FairCloud has been accepted at SIGCOMM’2012

Update: Camera-ready is now available online!

This is kinda old news now, but still as exciting as it was few days ago. Our paper “FairCloud: Sharing the Network in Cloud Computing” has been accepted for publication at this year’s SIGCOMM. We explore the design space of sharing networks, identify tradeoffs, and place categorize different strategies based on their characteristics. In case you are following our Orchestra work, FairCloud sits in the Inter-Transfer Controller (ITC) of the Orchestra hierarchy.

The network, similar to CPU and memory, is a critical and shared resource in the cloud. However, unlike other resources, it is neither shared proportionally to payment, nor do cloud providers offer minimum guarantees on network bandwidth. The reason is that networks are more difficult to share, since the network allocation of a VM X depends not only on the VMs running on the same machine with X, but also on the other VMs that X communicates with, as well as on the cross-traffic on each link used by X. In this paper, we start from the above requirements—payment proportionality and minimum guarantees—and show that the network- specific challenges lead to fundamental tradeoffs when sharing datacenter networks. We then propose a set of properties to explicitly express these tradeoffs. Finally, we propose three allocation policies that allow us to navigate the tradeoff space. We evaluate their characteristics through simulation and testbed experiments, showing that they are able to provide minimum guarantees and achieve better proportionality with the per-VM payment than known allocations.

This year 32 out of 235 papers have been accepted at SIGCOMM. On other news, Berkeley has seven papers in this SIGCOMM!!!

Presented Orchestra at SIGCOMM’2011

I’m attending my second SIGCOMM and had the privilege of giving my first talk at the flagship networking conference. I presented Orchestra, which happened to be very well attended even though it was the last talk of the day at 6PM. I’d like to thank everyone for showing up and also for the lively Q/A session at the end of my talk. Now that the talk is over, I can enjoy the rest of the conference in a more relaxed fashion.

The slides for the talk are available here.

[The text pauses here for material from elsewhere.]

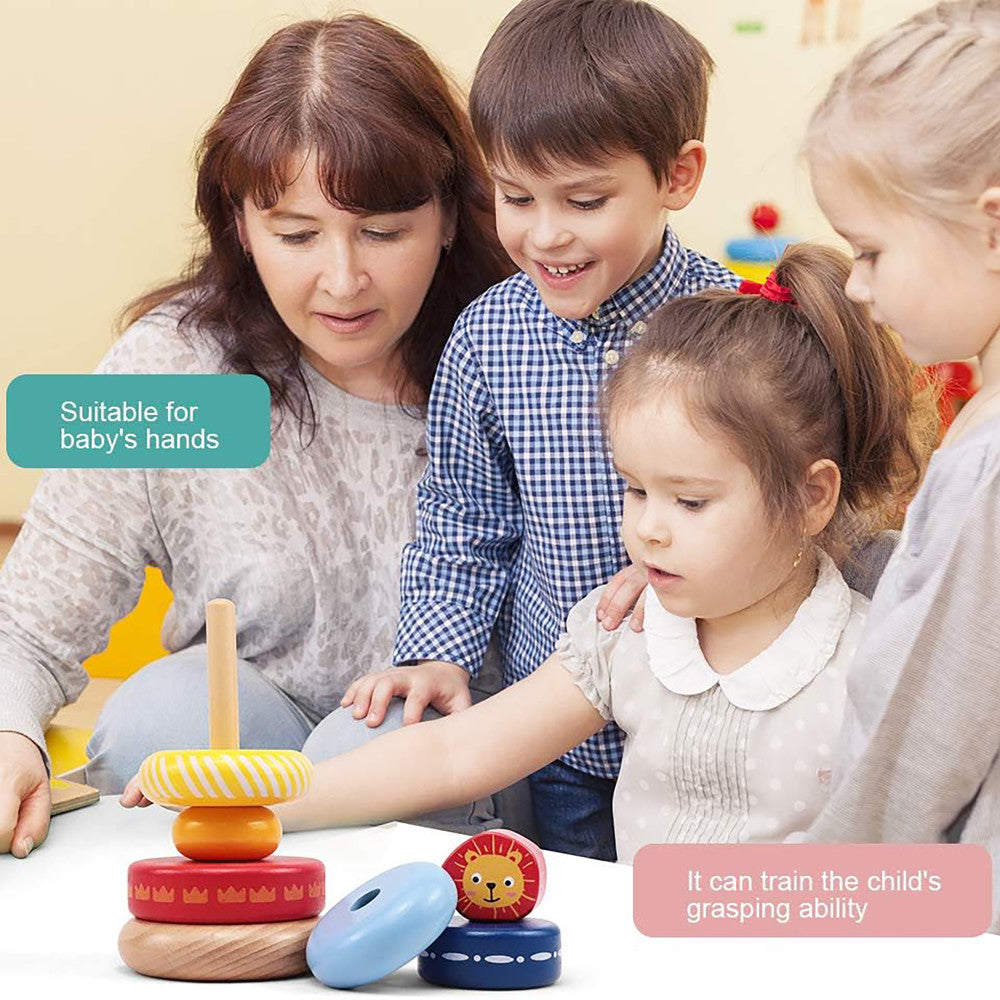 LEO & FRIENDS: Wooden Stacking Ring Toy - Coloful Tower, Leo The Lion Animal Topper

Presented Orchestra at LBNL

Today I presented Orchestra for the first time in front of a crowd outside our lab. Taghrid Samak kindly invited me at LBNL’s Computing Sciences Seminar after we caught up over lunch last week, after a year. She is currently a post-doc fellow with the Advance Computing for Science group.

Overall, the talk went very well with some interesting questions. We might even get into future extension/collaboration work regarding some pieces of Orchestra. Hot stuff!

Orchestra has been accepted at SIGCOMM’2011

Update: Camera-ready version of the paper should be can be found in the publications page very soon!

Our paper “Managing Data Transfers in Computer Clusters with Orchestra” has been accepted at SIGCOMM’2011. This is a joint work with Matei, Justin, and professors Mike Jordan and Ion Stoica. The project started as part of Spark and now quickly expanding to stand on its own to support other data-intensive frameworks (e.g., Hadoop, Dryad etc.). We also believe that interfacing Orchestra with Mesos will enable better network sharing between concurrently running frameworks in data centers.

Cluster computing applications like MapReduce and Dryad transfer massive amounts of data between their computation stages. These transfers can have a significant impact on job performance, accounting for more than 50% of job completion times. Despite this impact, there has been relatively little work on optimizing the performance of these data transfers. In this paper, we propose a global management architecture and a set of algorithms that improve the transfer times of common communication patterns, such as broadcast and shuffle, and allow one to prioritize a transfer over other transfers belonging to the same application or different applications. Using a prototype implementation, we show that our solution improves broadcast completion times by up to 4.5x compared to the status quo implemented by Hadoop. Furthermore, we show that transfer-level scheduling can reduce the completion time of high-priority transfers by 1.7x.

The paper so far have been well-received, and we’ve got great feedback from the anonymous reviewers that will further strengthen it. Hopefully, you will like it too :)

Those who are interested in stats, this year SIGCOMM accepted 32 out of 223 submissions.

Anyway, it’s Friday and we so excited!